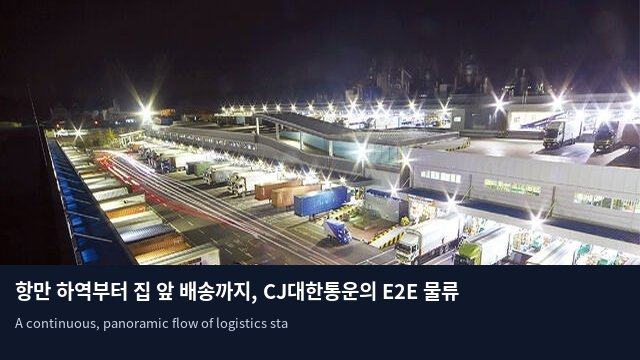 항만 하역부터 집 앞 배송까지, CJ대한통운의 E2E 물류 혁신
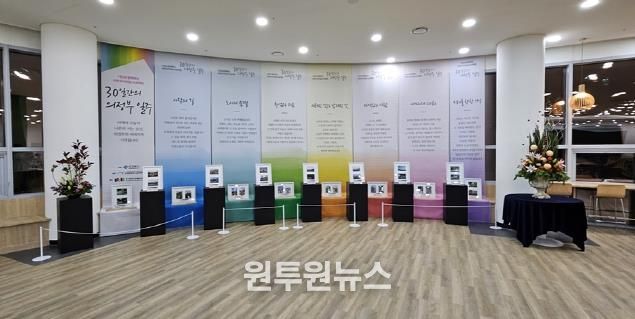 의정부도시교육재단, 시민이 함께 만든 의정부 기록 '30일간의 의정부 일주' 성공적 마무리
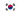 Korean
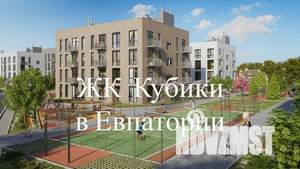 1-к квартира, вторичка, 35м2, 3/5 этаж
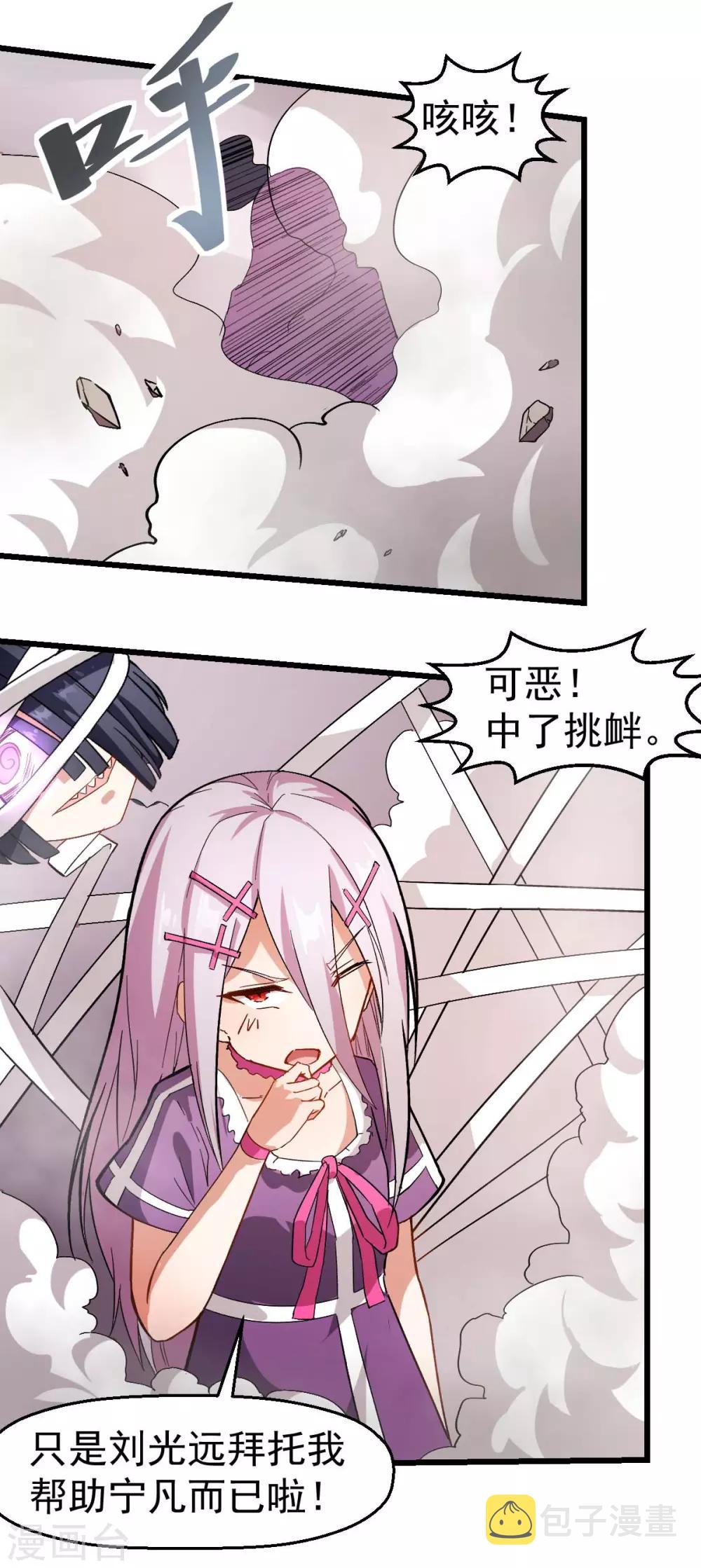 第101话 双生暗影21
* * *
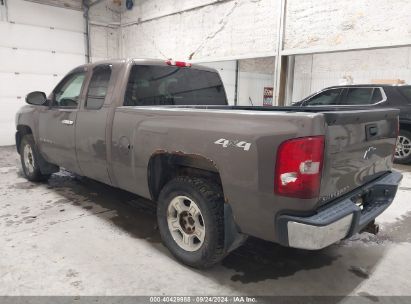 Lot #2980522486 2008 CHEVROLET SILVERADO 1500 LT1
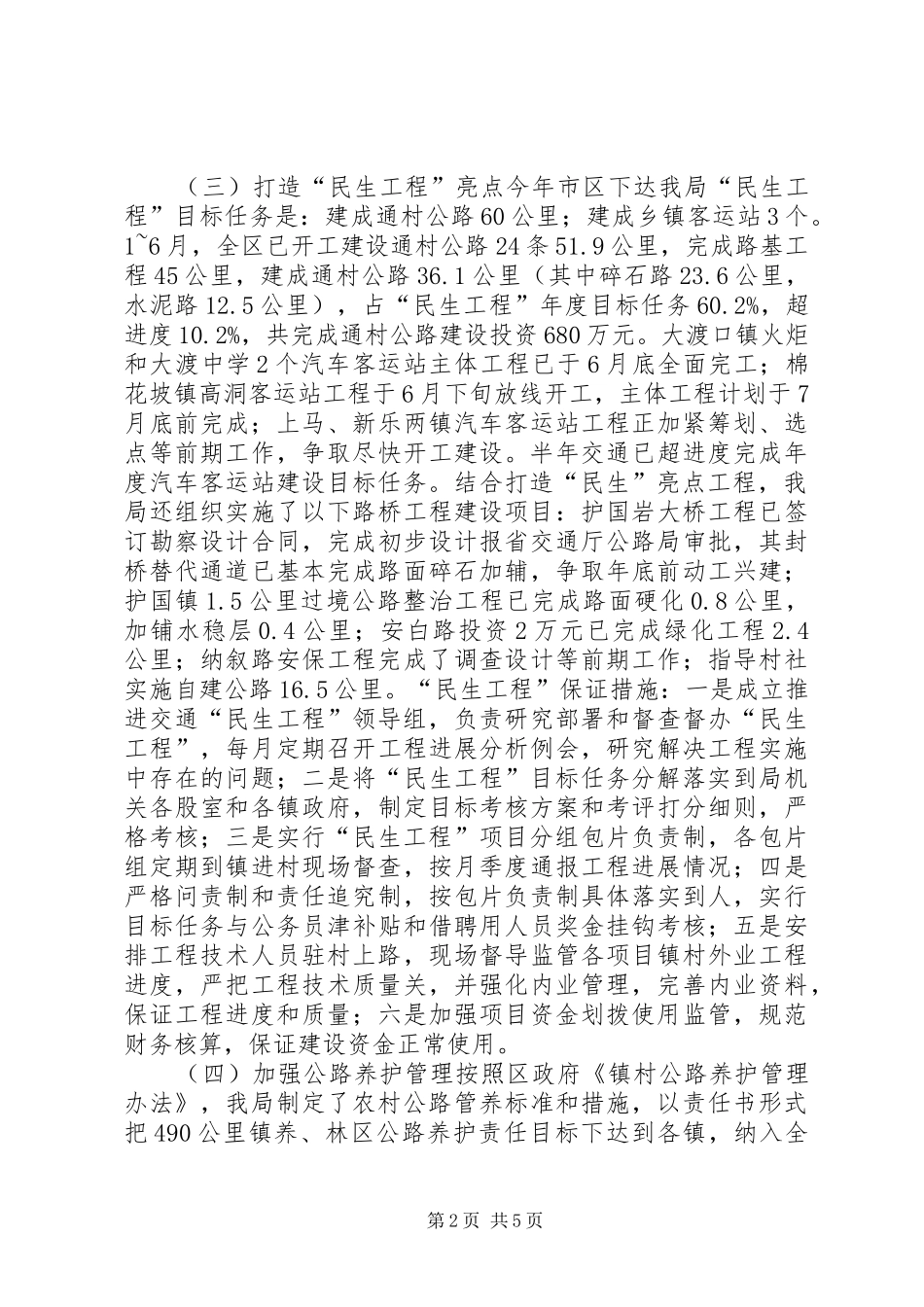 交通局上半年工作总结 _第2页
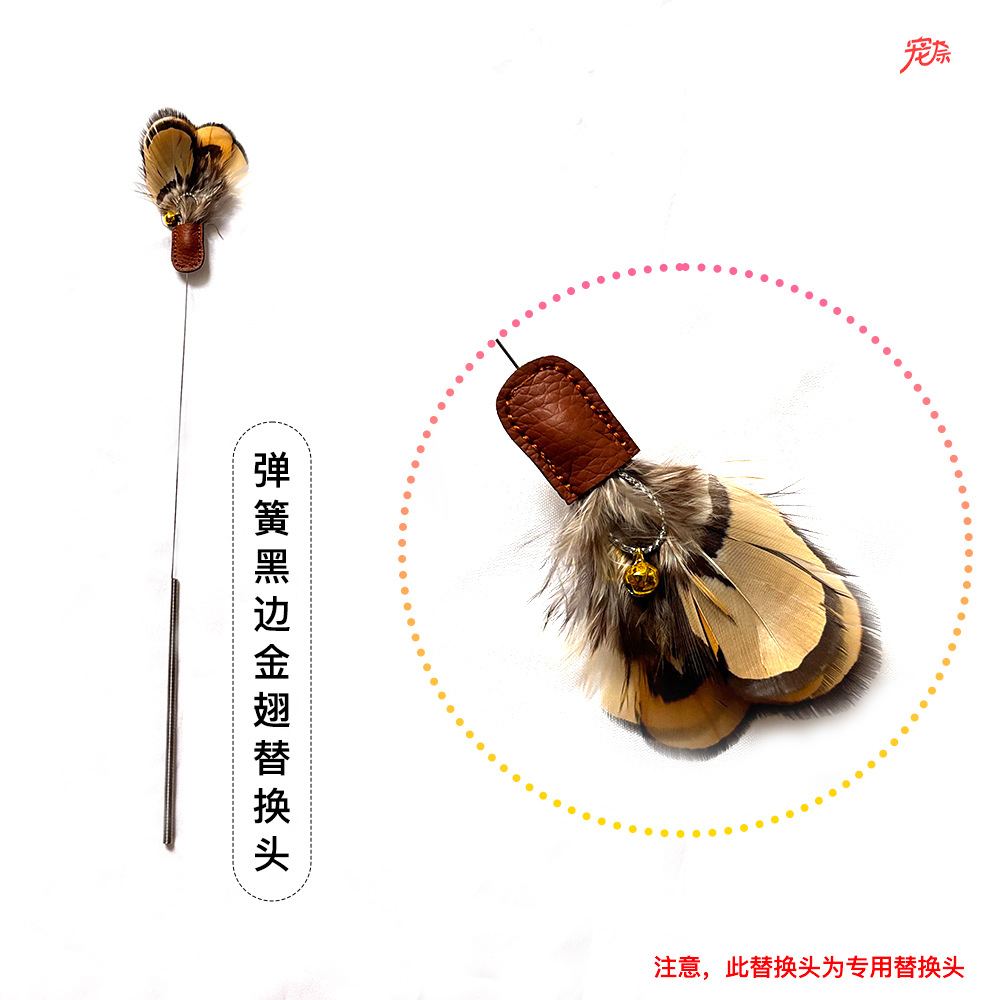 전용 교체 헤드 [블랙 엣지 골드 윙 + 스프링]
--
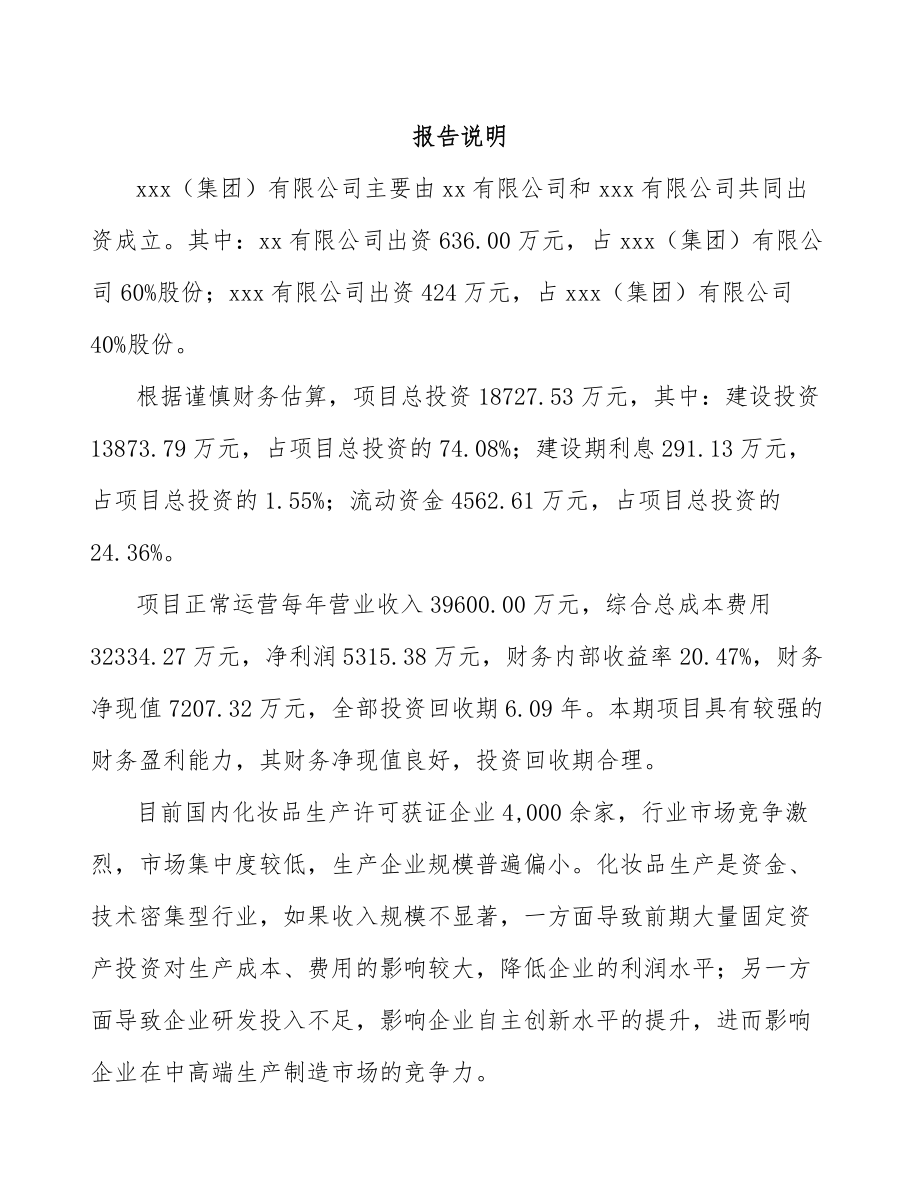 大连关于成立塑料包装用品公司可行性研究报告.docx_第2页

WORK TO COMPLETE:
Set down word for word the lines above from the one with "Lot #2980522486 2008" up to and including the one with "전용 교체 헤드 [블랙 엣지 골드 윙 + 스프링]". Omit every picture.

RESULT:
 Lot #2980522486 2008 CHEVROLET SILVERADO 1500 LT1
 交通局上半年工作总结 _第2页
 전용 교체 헤드 [블랙 엣지 골드 윙 + 스프링]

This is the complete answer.